Last updated: 24 Jul, 2023

Variety is the spice of life. However, in this modern, globalised age, are we too spoiled for choice? With a world of cuisines at our fingertips, have we lost touch with how we should truly be eating? Advocates of the ancestral diet believe we have.

The key to improving our quality of life may be to give modern foods a miss and copy the ancestral eating patterns of 500 years ago. Before the distinction between ultra processed, processed and organic foods, there was just food. Nutrient dense, locally grown and free of pesticides, our ancestors ate very differently to how we do today. But do the diets of the past still make sense for us today?

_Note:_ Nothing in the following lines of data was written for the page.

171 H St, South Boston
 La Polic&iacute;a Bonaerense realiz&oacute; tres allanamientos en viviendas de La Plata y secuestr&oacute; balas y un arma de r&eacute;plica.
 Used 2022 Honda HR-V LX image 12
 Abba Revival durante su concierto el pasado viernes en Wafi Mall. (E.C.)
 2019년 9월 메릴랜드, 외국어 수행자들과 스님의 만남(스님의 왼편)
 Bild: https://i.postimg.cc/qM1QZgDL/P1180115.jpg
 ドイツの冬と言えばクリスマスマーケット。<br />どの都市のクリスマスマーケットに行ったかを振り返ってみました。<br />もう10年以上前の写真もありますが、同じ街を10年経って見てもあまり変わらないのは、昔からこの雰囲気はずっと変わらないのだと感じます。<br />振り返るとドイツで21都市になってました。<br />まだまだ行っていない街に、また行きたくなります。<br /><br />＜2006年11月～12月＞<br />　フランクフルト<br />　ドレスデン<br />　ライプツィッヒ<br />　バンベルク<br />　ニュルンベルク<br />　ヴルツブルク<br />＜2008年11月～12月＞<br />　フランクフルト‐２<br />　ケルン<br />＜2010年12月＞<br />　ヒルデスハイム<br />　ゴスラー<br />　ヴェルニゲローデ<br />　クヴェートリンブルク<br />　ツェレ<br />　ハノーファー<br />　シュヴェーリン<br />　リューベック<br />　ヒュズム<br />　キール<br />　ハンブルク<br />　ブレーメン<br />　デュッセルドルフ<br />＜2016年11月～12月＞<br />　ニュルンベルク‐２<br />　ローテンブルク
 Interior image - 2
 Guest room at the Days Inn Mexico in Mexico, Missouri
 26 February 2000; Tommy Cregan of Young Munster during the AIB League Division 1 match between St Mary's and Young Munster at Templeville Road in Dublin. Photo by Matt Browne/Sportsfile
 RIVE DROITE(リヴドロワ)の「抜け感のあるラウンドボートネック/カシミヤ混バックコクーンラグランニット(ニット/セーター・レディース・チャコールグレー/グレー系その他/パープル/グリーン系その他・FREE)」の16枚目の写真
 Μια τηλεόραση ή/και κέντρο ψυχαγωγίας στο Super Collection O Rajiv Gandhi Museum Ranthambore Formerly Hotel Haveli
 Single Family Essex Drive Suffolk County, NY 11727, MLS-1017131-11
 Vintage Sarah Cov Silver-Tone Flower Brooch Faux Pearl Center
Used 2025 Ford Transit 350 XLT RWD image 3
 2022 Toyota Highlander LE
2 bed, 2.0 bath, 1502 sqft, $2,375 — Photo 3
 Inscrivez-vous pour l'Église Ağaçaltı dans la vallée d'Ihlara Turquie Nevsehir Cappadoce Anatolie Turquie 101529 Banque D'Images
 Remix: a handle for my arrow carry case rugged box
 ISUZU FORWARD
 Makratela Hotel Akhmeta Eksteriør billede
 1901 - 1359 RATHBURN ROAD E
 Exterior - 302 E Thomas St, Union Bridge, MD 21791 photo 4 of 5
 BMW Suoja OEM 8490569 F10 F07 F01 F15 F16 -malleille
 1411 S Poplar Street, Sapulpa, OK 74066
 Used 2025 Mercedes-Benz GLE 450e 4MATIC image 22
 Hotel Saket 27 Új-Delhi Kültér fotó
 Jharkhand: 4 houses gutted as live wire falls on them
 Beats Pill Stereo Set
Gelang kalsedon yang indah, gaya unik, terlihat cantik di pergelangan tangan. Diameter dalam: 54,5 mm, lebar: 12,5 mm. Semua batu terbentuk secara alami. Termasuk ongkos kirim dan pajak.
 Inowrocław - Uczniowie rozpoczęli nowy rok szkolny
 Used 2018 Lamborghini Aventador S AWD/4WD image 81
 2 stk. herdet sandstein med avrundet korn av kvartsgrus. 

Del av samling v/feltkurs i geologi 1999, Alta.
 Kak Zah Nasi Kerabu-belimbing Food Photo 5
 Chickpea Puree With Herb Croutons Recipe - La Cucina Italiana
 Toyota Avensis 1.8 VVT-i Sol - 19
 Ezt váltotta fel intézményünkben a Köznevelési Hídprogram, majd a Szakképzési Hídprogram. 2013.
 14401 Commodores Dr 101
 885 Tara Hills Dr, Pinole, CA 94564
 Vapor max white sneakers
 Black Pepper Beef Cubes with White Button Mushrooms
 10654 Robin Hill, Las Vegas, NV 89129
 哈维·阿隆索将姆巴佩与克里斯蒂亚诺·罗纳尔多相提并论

What is the Ancestral Diet?

The ancestral diet can take many forms. It is non-specific, unlike the keto diet for example, which prescribes specific low carbohydrate and macronutrient consumption. Instead, it is individual to each in a different way. The common focus between each person's ancestral diet plan is that it focuses on the locality, seasonality and cultural heritage of food. For example, someone from cold Norway may consume more meat, dairy and healthy fats. Whereas someone from warm Mexico may consume more grain, legumes and vegetables. Rather than emphasising what you should eat, it more so emphasises what you should avoid.

These namely being:

  • Refined grains
  • Refined sugar
  • Processed soy products
  • Artificial flavours, sweeteners and colourants
  • GMO’s (genetically modified foods)
  • Additives and preservatives
  • Industrial seed oils (including canola, soybean and margarine)

And in general, recommending eating more:

  • Organic meats, poultry, eggs and dairy products
  • Seasonal fruit and vegetables
  • Fermented foods (eaten often by our ancestors due to their long storage life) - high in vitamin k2
  • Wild seafood
  • Unrefined fats
  • Ancient grains (including wheat, legumes, rice, beans and barley)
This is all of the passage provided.